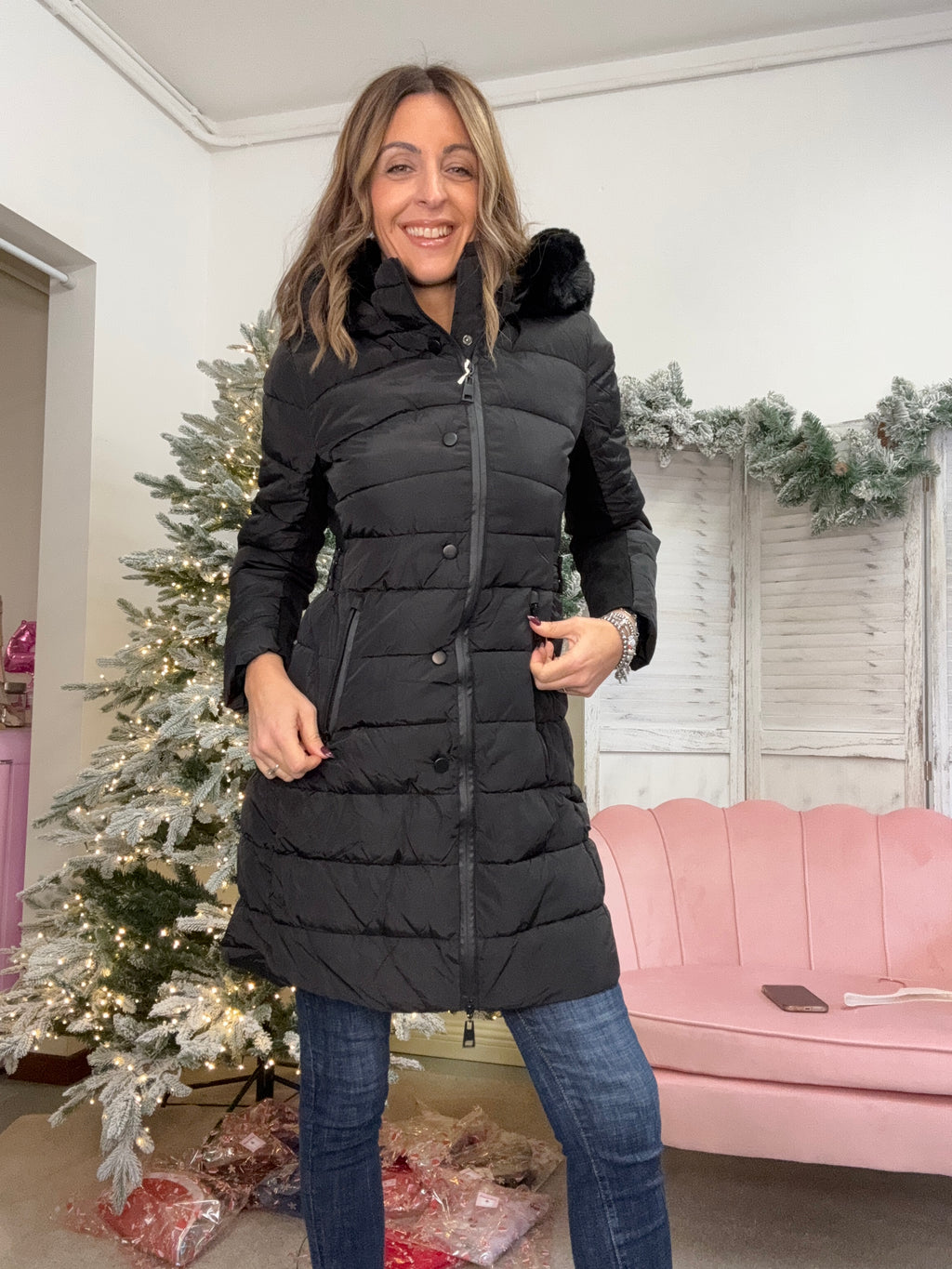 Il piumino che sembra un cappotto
○ ○ ○ ○ ○
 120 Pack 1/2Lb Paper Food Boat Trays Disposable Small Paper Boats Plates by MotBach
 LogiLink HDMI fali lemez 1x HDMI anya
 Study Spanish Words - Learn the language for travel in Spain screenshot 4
○ ○ ○ ○ ○
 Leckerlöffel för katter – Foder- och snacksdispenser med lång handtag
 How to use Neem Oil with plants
○ ○ ○ ○ ○
For this exercise, repeat exactly the lines of the data above from the one with "120 Pack 1/2Lb" down to the one with "Study Spanish Words", both end lines included.

* TASK OUTPUT:
 120 Pack 1/2Lb Paper Food Boat Trays Disposable Small Paper Boats Plates by MotBach
 LogiLink HDMI fali lemez 1x HDMI anya
 Study Spanish Words - Learn the language for travel in Spain screenshot 4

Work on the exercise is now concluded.